Jack Steele
- Birth name: Jack Steele
- Date of birth: 9 September 1992 (age 32)
- Place of birth: Scotland
- Height: 6 ft 0 in (1.83 m)
- Weight: 97 kg (15 st 4 lb)

Rugby union career
- Position(s): Centre

Amateur team(s)
- Years: Team / Apps / (Points)
- Dundee HSFP /  / ()
- 2014-: Glasgow Hawks /  / ()

Senior career
- Years: Team / Apps / (Points)
- 2013-15: Glasgow Warriors / 1 / (0)
- Correct as of 12 July 2015

International career
- Years: Team / Apps / (Points)
- 2014: Scotland Club XV
- 2014: Scotland U20
- Correct as of 12 July 2015

= Jack Steele (rugby union) =

Scottish rugby union player

Jack Steele is a Scottish rugby union player who played for Glasgow Warriors at the Centre position and now plays for Glasgow Hawks.

==Rugby Union career==

===Amateur career===

Steele played for Dundee HSFP before finding himself on the Warriors radar.

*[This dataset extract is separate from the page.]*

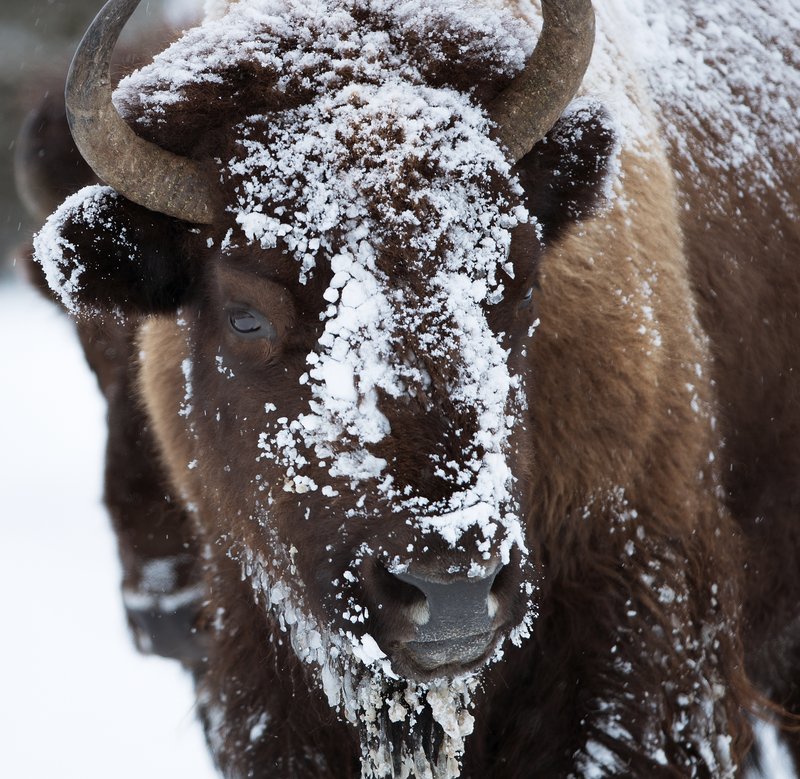 df6f2b86-b5fc-4686-a7be-4bec0f34d666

He moved to the Glasgow Hawks in 2014.

===Professional career===

He secured an Elite Development Programme place in 2013 with Glasgow Warriors aligned to Dundee HSFP and the contract allows Steele to play for Dundee HSFP if not playing for the Glasgow Warriors.

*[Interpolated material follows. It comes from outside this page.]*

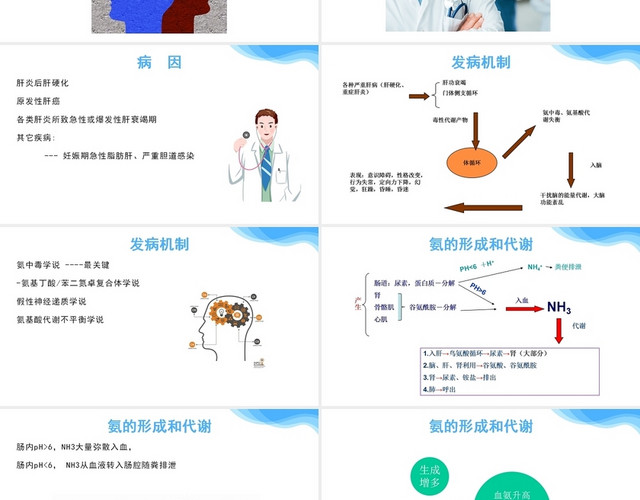 蓝色肝性脑病护理查房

Steele secured another EDP placement in 2014 with Glasgow Warriors this time aligned to Glasgow Hawks. Again, the EDP contract signed allows Steele to play for Glasgow Hawks if not playing for the Glasgow Warriors.

He has played 1 competitive game for Glasgow Warriors coming on a substitute in 2013–14 season against Newport Gwent Dragons.

===International career===

Steele has represented Scotland at Under 20 level. and at Club XV.